Captioned web images
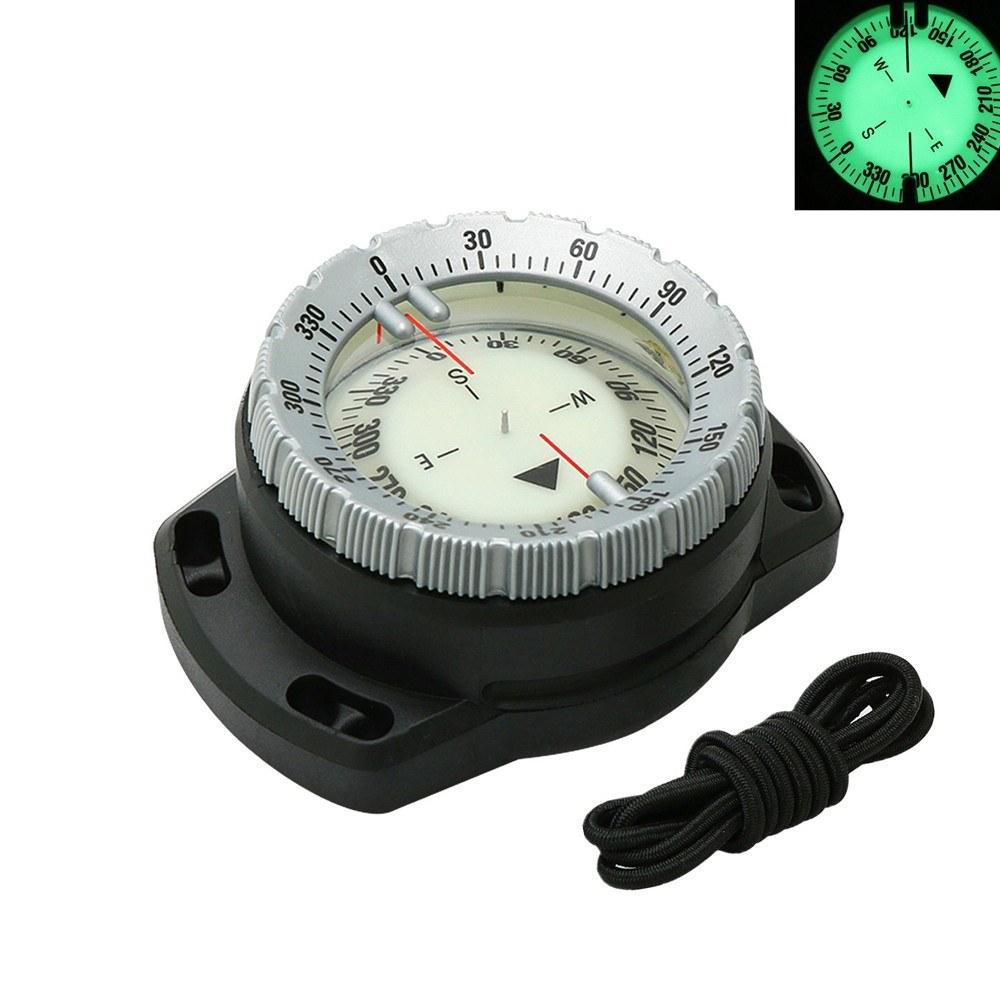 Compasses |  50M Underwater Fluorescent Wrist Compass Waterproof Navigation Tool with Elastic Rope Camping & Hiking Black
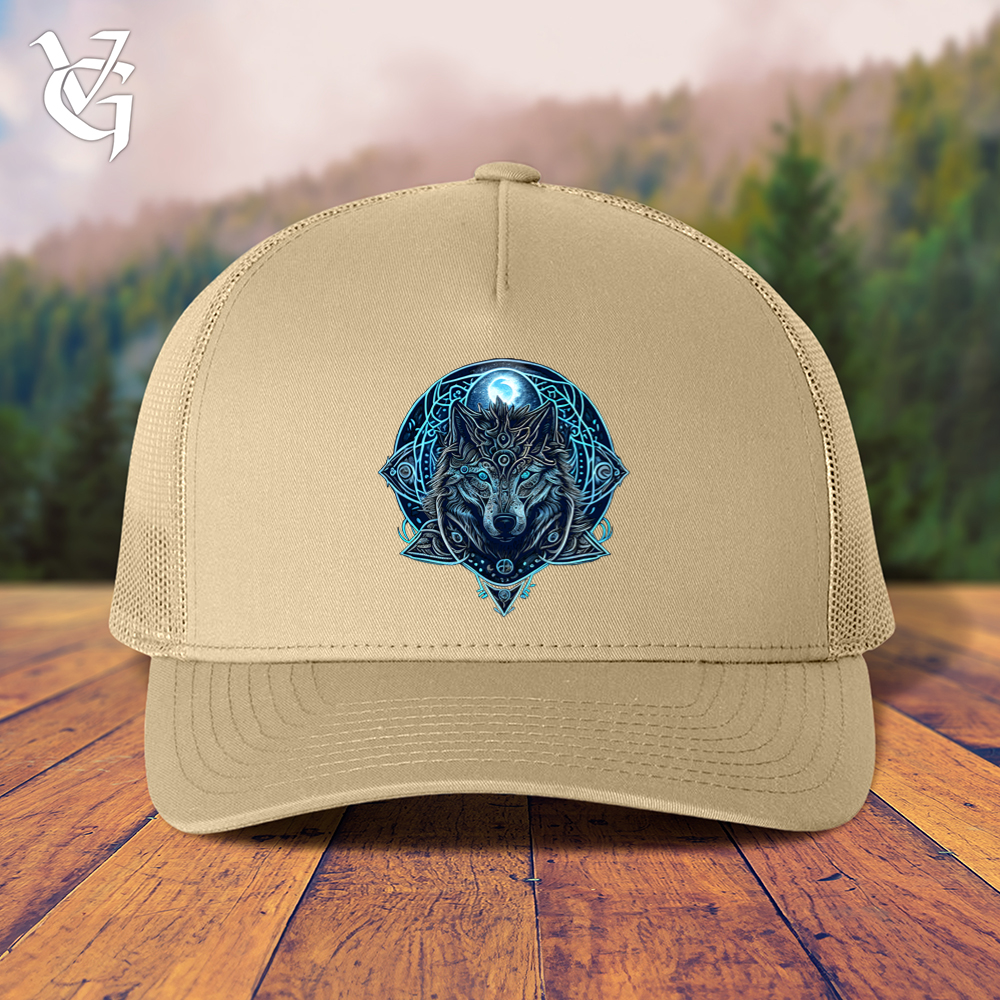 Viking Goods Celtic Fenrir Wolf Trucker Cap Khaki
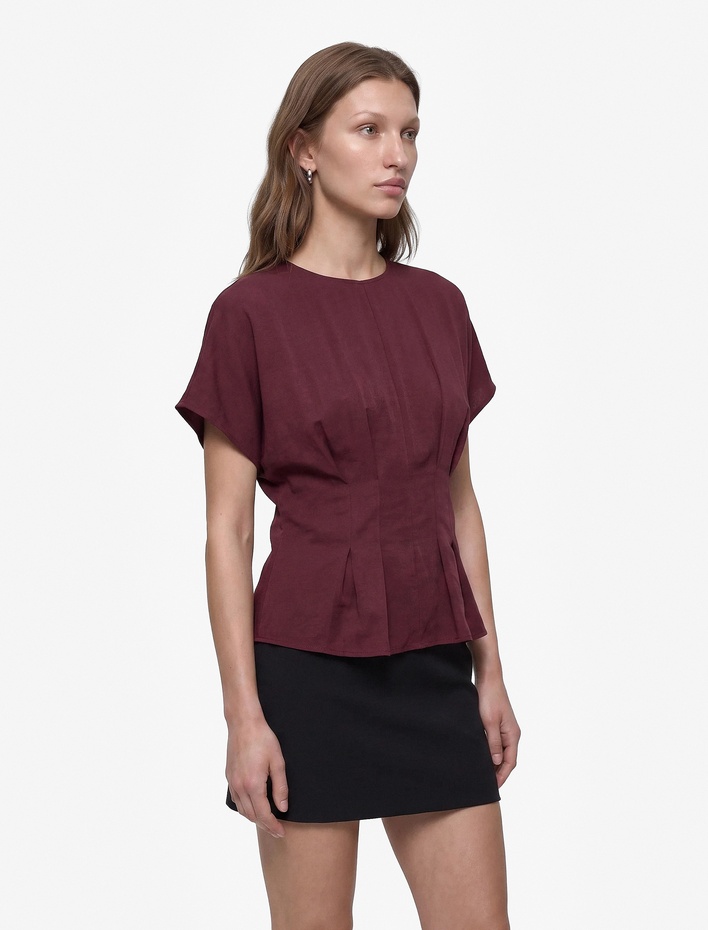  Viskon Modal Kumaş Pileli Slim Fit Bel Vurgulu Bisiklet Yaka Kısa Kollu Bluz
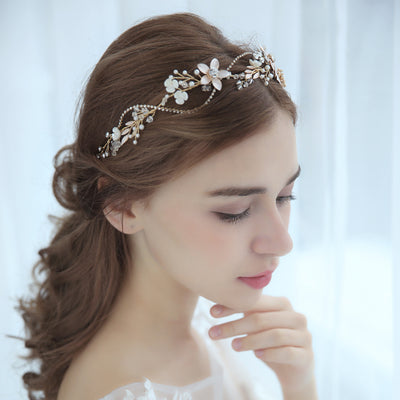 Enchanting Blush Pink & Gold Bridal Hair Vine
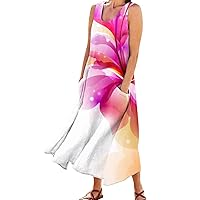 Women Sun Dresses 2024 Casual Long Summer Boho Sleeveless Dress with Pockets Gradient Loose Fit Plus Size Maxi Dress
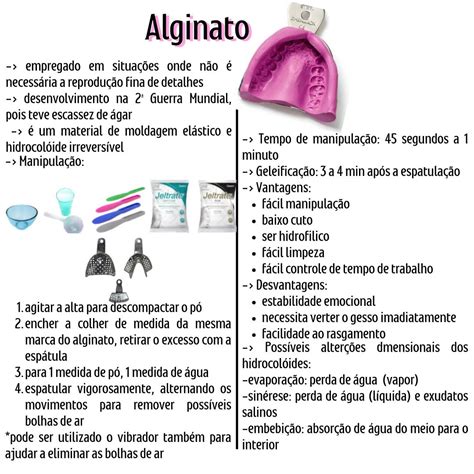 Alginato Odontológico Resumo para Odontologia Odontologia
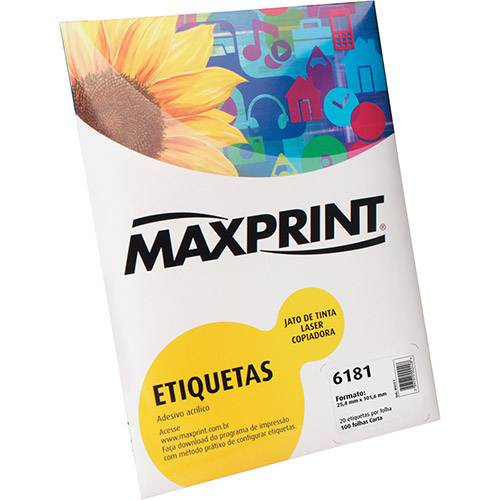 Assistência Técnica, SAC e Garantia do produto Etiqueta para Impressora de Tinta e Laser 6181 (25,4mmx101,6mm) 100 Folhas - Maxprint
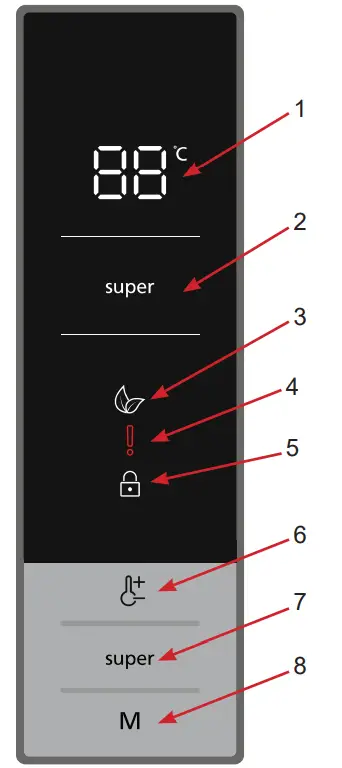 Cylinda K3385NVE 380 Liters Volume Refrigerator - Display control panel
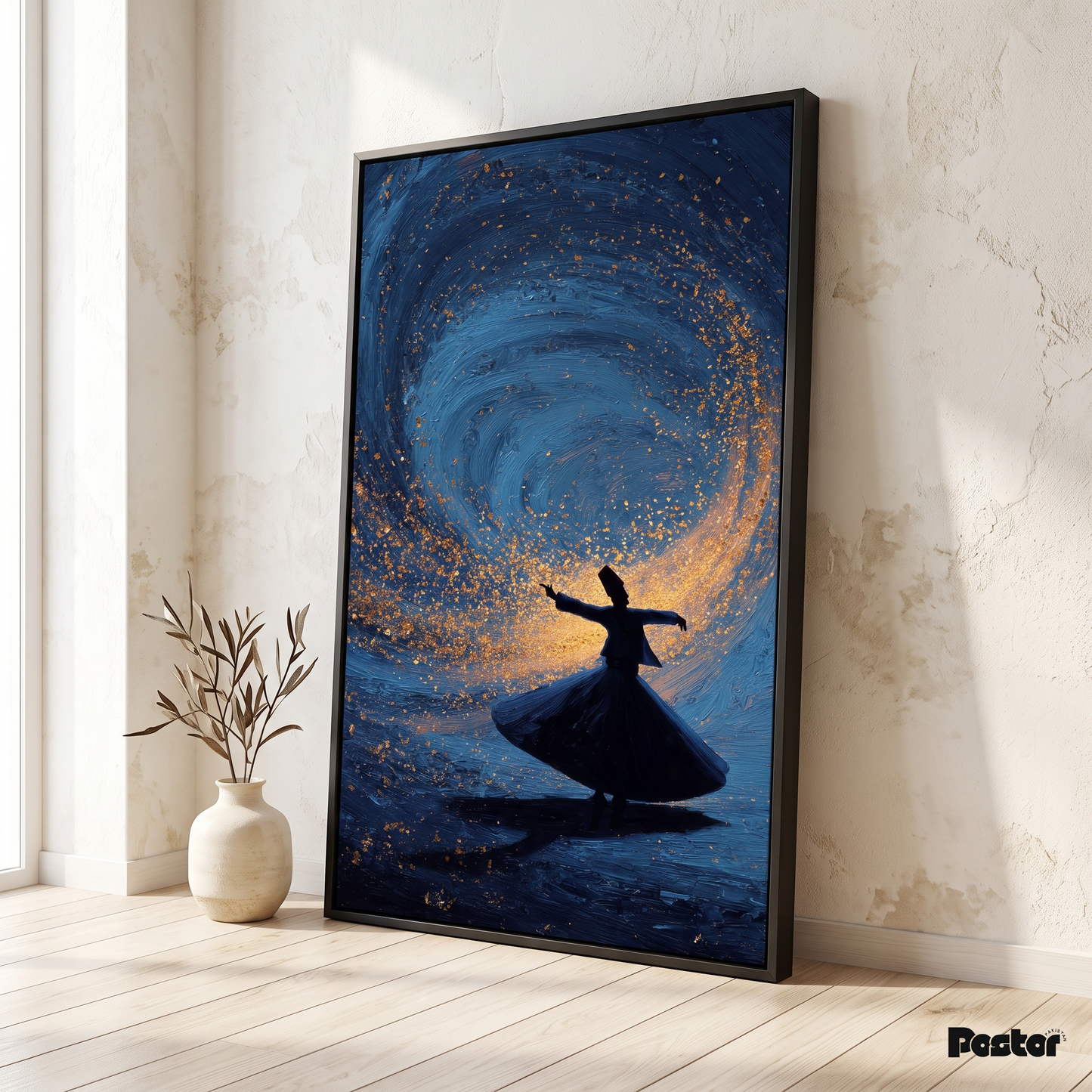Mystic Blue & Gold Whirling Dervish Canvas Wall Art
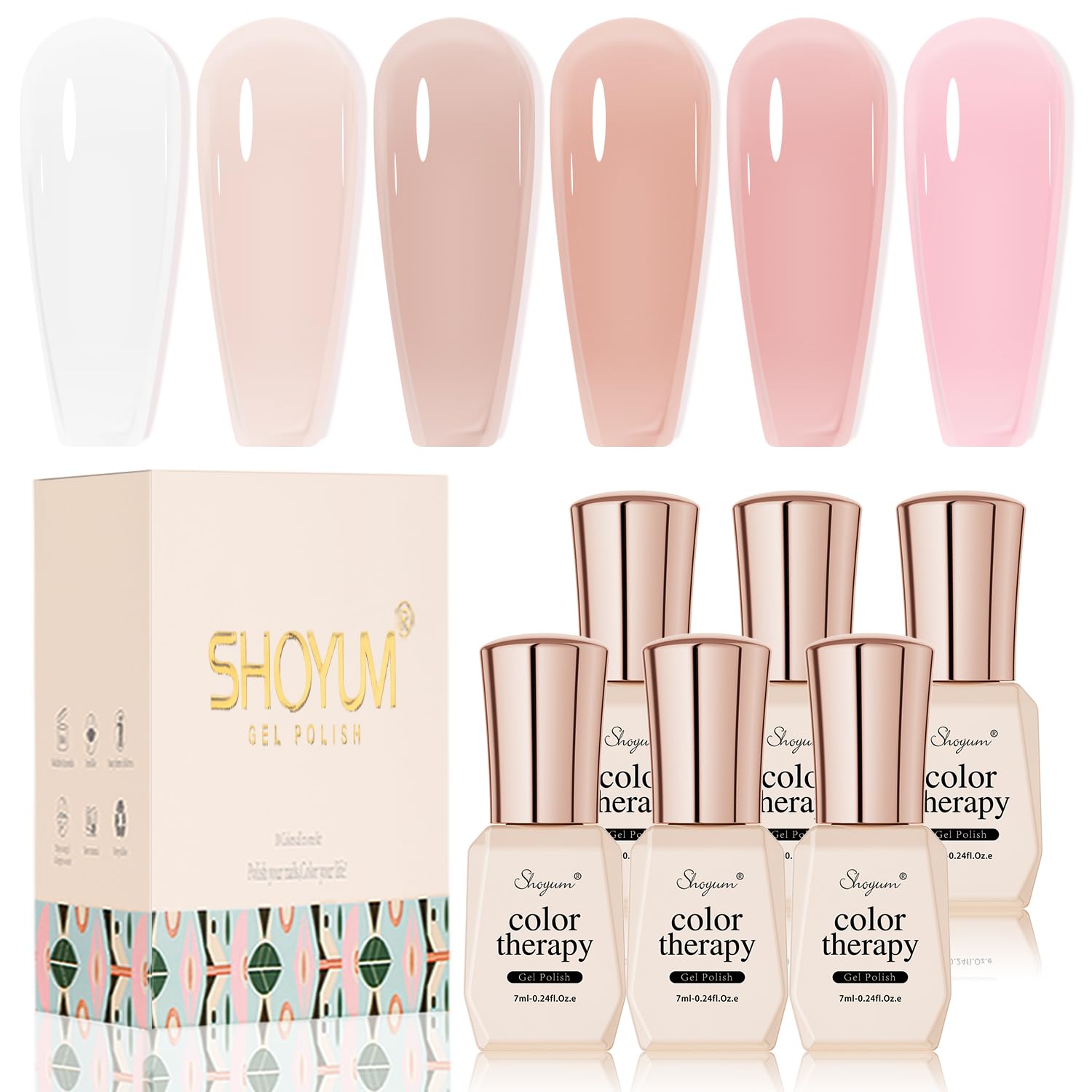 SHOYUM nude pink gel polish set packaging, ideal as a stylish gift.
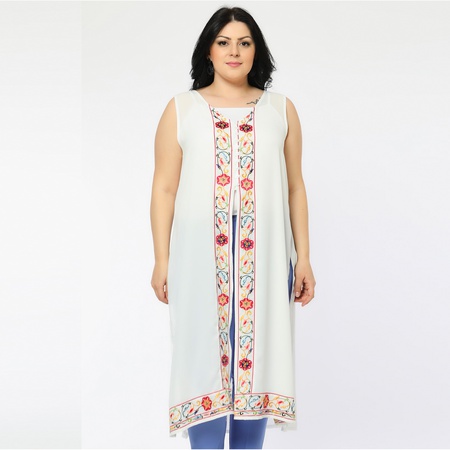 Büyük Beden Nakışlı Yelek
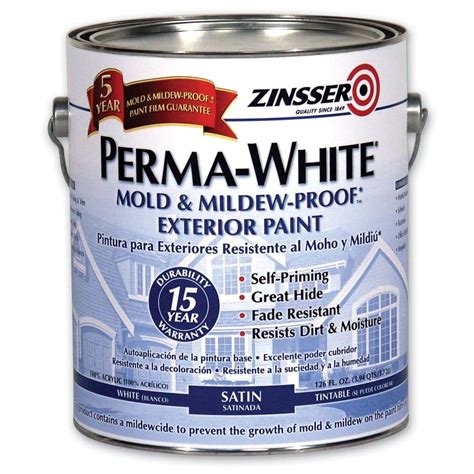 Zinsser 1 Gal. Perma-White Mold and Mildew-Proof White Satin Exterior Paint (Case of 4)-3101 ...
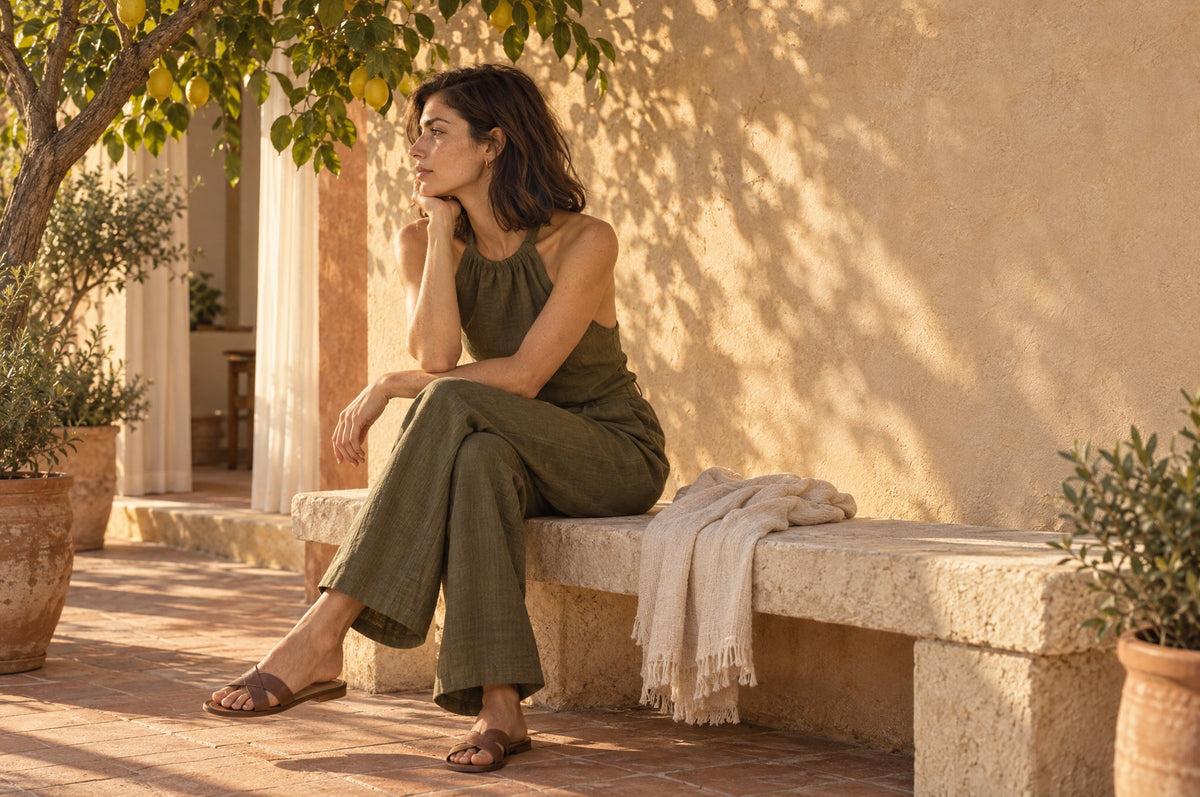 Woman in a matching olive top and wide-leg trouser set seated on a garden bench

— What is needed —
Beginning at the line that contains "Enchanting Blush Pink" and ending at the last line of the data, return each line exactly; no picture belongs in the copy.

— Response to the task —
 Enchanting Blush Pink & Gold Bridal Hair Vine
 Women Sun Dresses 2024 Casual Long Summer Boho Sleeveless Dress with Pockets Gradient Loose Fit Plus Size Maxi Dress
 Alginato Odontológico Resumo para Odontologia Odontologia
 Assistência Técnica, SAC e Garantia do produto Etiqueta para Impressora de Tinta e Laser 6181 (25,4mmx101,6mm) 100 Folhas - Maxprint
 Cylinda K3385NVE 380 Liters Volume Refrigerator - Display control panel
Mystic Blue & Gold Whirling Dervish Canvas Wall Art
 SHOYUM nude pink gel polish set packaging, ideal as a stylish gift.
 Büyük Beden Nakışlı Yelek
 Zinsser 1 Gal. Perma-White Mold and Mildew-Proof White Satin Exterior Paint (Case of 4)-3101 ...
 Woman in a matching olive top and wide-leg trouser set seated on a garden bench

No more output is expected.